Not good news today from the Fed's environmental assessment I'm afraid. But I guess they still have Gibralter....


----------



## JordoR (Aug 20, 2013)

Yes... bit bit of a blow today thats for sure. Ultimately the panel that produced this new negative environmental report doesn't have a say in the decision, but obviously this will have an affect on the final decision. Will be waiting anxiously to see what happens at the end of 120 days from now for the final decision. The 10% drop hurts today, but it's still a long term position for me.


----------



## JordoR (Aug 20, 2013)

So the 120 days for the federal review of the Prosperity mine will be this Friday February 28th, but it appears the official announcement has come out two days early.

http://www.sys-con.com/node/2988974

They have officially rejected it. However, Taseko will almost certainly appeal the decision as the environmental panel used incorrect information on the tailings seepage.
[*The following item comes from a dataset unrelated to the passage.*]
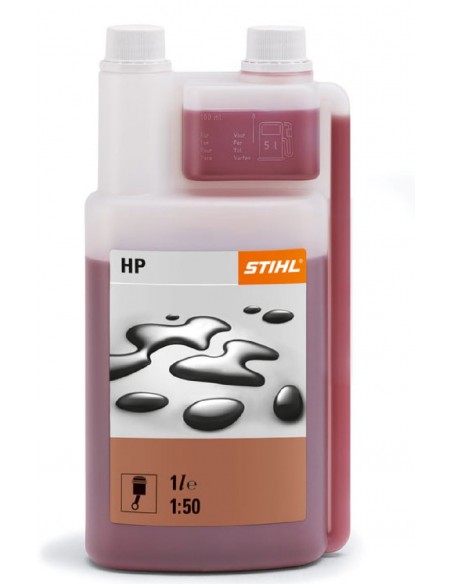 aceite stihl hp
Regardless, I would expect the stock to drop quite significantly tomorrow as this decision has been looming for quite some time. I have already put in my order to sell all my positions for a nice profit, and might buy back when it crashes.

Could also make some money shorting this tomorrow, as it will certainly drop. I am speculating down to the $1.80 mark from the current $2.37


----------



## JordoR (Aug 20, 2013)

Dropped below $1 today for the first time since 2008.
It's been beat up quite a bit over the last 6 months, but I think it's very undervalued at under $1. Look to see this jump up once the price of copper stabilizes a bit.

Started a position at $.98


----------